Entonces echo un vistazo al correo electrónico: el Festival de Medina del Campo me pide que vote por los video-clips seleccionados para el concurso de este año. Y pienso en mi proyecto de cortometraje presentado, esperando que no crean que me he vuelto loco con eso de irme a una montaña muy alta a contar una historia sobre el bien y el mal, sobre enemigos ancestrales a los que, en el fondo, les une más de los que les separa. Y siguen tirando los jodidos puntos, y tengo que ponerme a escribir, me quedan pocos días para presentar lo que tanto tiempo llevo esperando, aunque sea para otro. Tengo que concentrarme, ponerme a ello, pero finalmente me pongo a ver video-clips, aunque detesto la mayoría, harto de grupos que cantan en inglés y que se creen Radiohead, pero vamos, con tal de no ponerme a lo mío soy capaz de rapear y ladearme una gorra.
Y veo a Marlango, la voz suave de Leonor Watling, y voto porque me parece bonita la canción y su voz; y ahora veo a un tipo disfrazado de vaca cantando en catalán, y me llama la atención, y le voto, quizás por la coreografía final que me hace gracia. Y veo dos o tres más, ya más guays, y paso y corto, y me digo “¡venga ya!, a escribir, joder”. Sabes que sólo hay que ponerse un poco, enseguida estás metido en la historia, y una vez en ella, ya nadie te saca de ahí, ya todo se olvida, ya nada más existe: ni teléfono, ni amigos, ni el resto de tu vida. Pero todavía lo aplazo un poco más, porque veo un comentario en uno de los video-clips que dice algo sobre una bella voz y sobre un muñeco, y me llama la atención y entonces lo descubro.
Unos ojos de mujer, lánguidos, que miran hacia abajo, de manera tímida. Esa misma mujer con un vestido de volantes, como una niña perdida, y su sombra proyectada sobre un fondo blanco, de donde sale una muñeca chinesca, con cara asustada, solitaria, moviéndose por una ciudad grande, triste, de miradas amenazantes. Y camina sin rumbo fijo, perseguida por una sombra, entre coches, entre farolas, en la noche, en el día. Y llega hasta una flor marchita quemada por el sol, y grita desesperada, asustada. Y entonces la muñeca, en un gesto épico, pone la mano sobre la flor, la protege del sol como si fuera su propio hijo, y el sol desaparece y todo empieza a florecer, y la muñeca se transforma en sombra, y de nuevo regresa donde la mujer de mirada triste.
Emocionado ante esta pequeña joya, indago curioso.

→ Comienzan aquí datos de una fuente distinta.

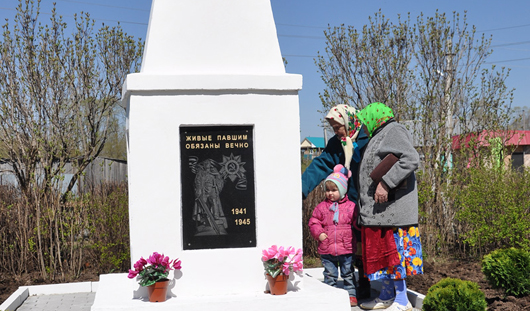 Ко Дню Победы холдинг «КОМОС ГРУПП» восстановил монумент погибшим воинам
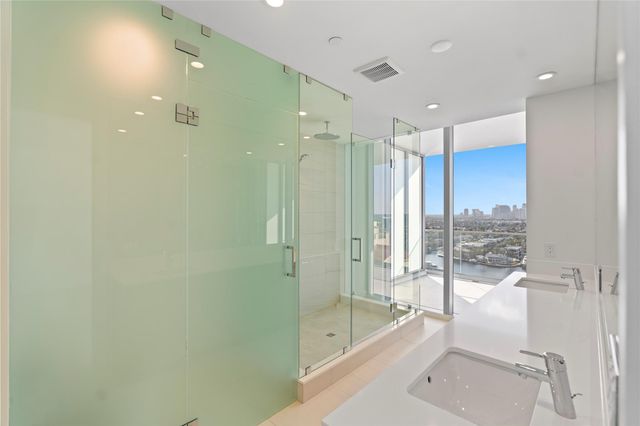 153 N Seabreeze Blvd 1704S, Fort Lauderdale, FL 33304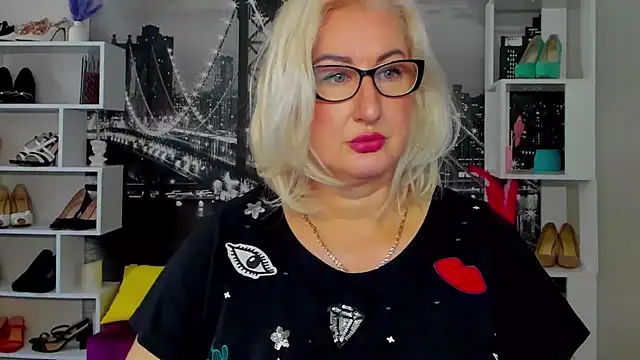 Snapshot of DianaFrances chatting on 05-16-26, 10:23 DianaFrances online show from 05-16-26, 10:23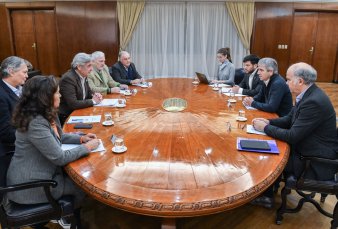 Caputo se reuni con la Sociedad Rural Argentina para discutir la reduccin de retenciones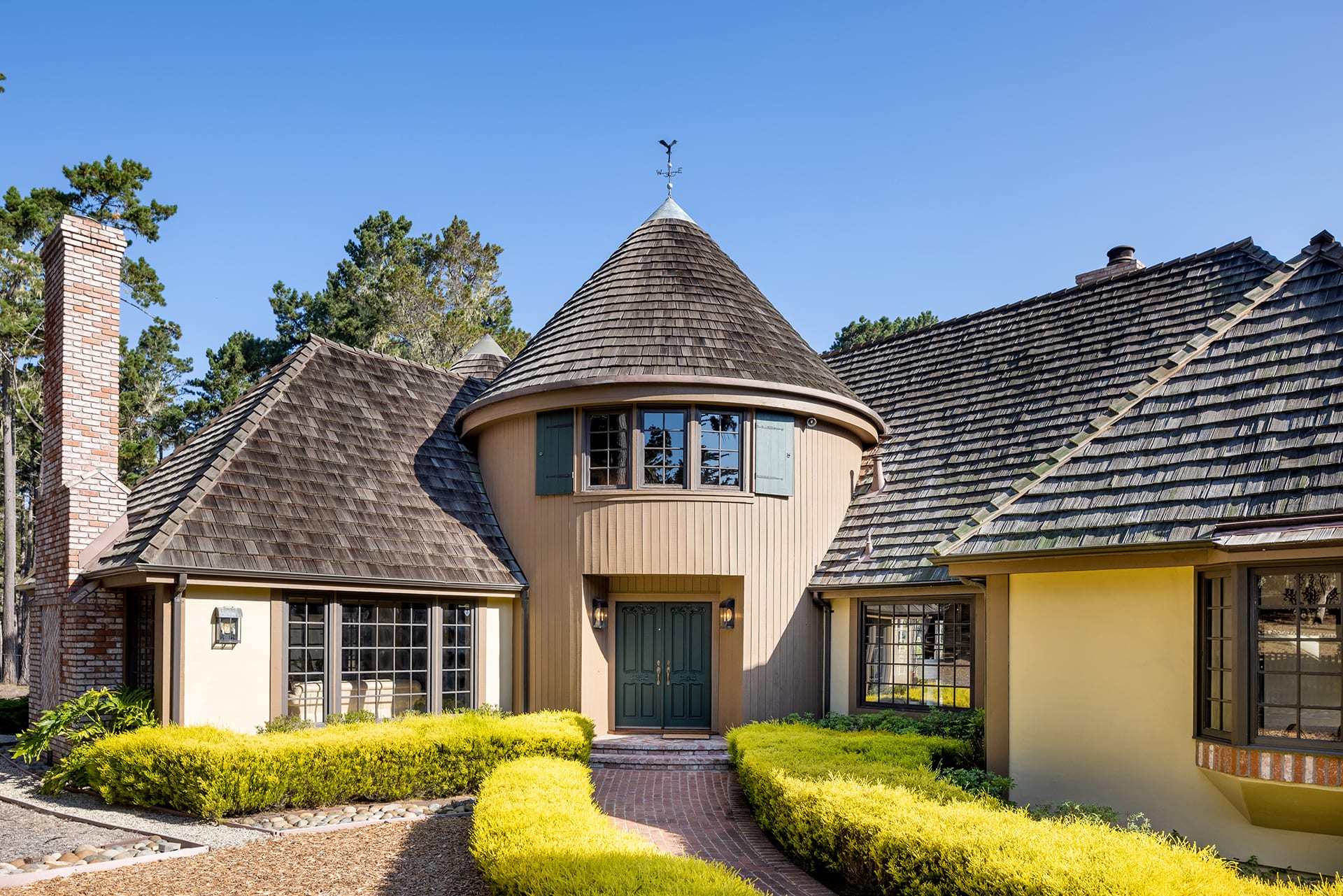 Pebble Beach Manor - 1263 Sombria Lane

Entonces descubro a su compositora, que comenta en una entrevista que se sentía sola en la gran ciudad, movida por su gran pasión, y que como toda pasión (en este caso la música) le hacía dirigirse por un camino distinto al de los demás, y que esa pasión hubo un momento que la hizo quedarse muy sola, alejada de los suyos, y que se sentía muy desgraciada por ello. Así que tomó una decisión, la única posible, la única que le removía desde niña, la que a veces le quemaba como el sol: dejarse llevar por esa pasión, pero alzando la mano, protegiendo lo más querido por ella, sus canciones, de ese sol que en ocasiones abrasa. El mismo sol de aquel desierto de Minghella, el mismo que supo usar sabiamente el gran Azcona... Aún tiran los puntos, pero ya puedo ponerme a escribir.